## Problem to solve
Would you please repeat exactly the entries below, starting at the line with "Factory Hot Sale" and ending at the line with "Vorschau - Arbeitsblätter", and nothing outside that range? Leave out the pictures.

## Extracted data
=== Begin Enclosure ===

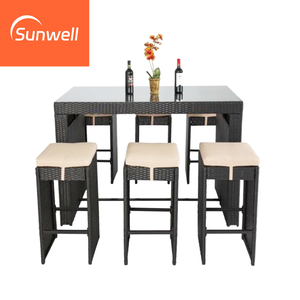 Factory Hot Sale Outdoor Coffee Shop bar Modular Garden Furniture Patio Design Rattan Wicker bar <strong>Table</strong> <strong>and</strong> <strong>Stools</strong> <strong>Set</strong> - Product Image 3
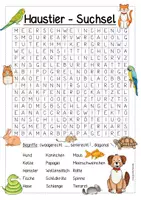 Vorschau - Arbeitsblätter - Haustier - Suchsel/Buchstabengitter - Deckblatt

=== End Enclosure ===
=== Begin Enclosure ===

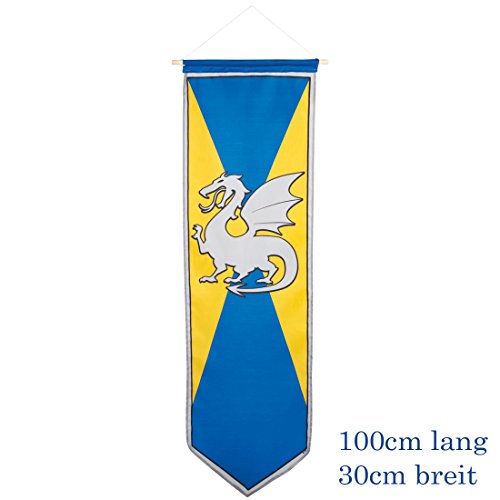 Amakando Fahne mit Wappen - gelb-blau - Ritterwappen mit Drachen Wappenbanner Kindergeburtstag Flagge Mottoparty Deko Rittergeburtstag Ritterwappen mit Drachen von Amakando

=== End Enclosure ===

## Exercise answer
 Factory Hot Sale Outdoor Coffee Shop bar Modular Garden Furniture Patio Design Rattan Wicker bar <strong>Table</strong> <strong>and</strong> <strong>Stools</strong> <strong>Set</strong> - Product Image 3
 Vorschau - Arbeitsblätter - Haustier - Suchsel/Buchstabengitter - Deckblatt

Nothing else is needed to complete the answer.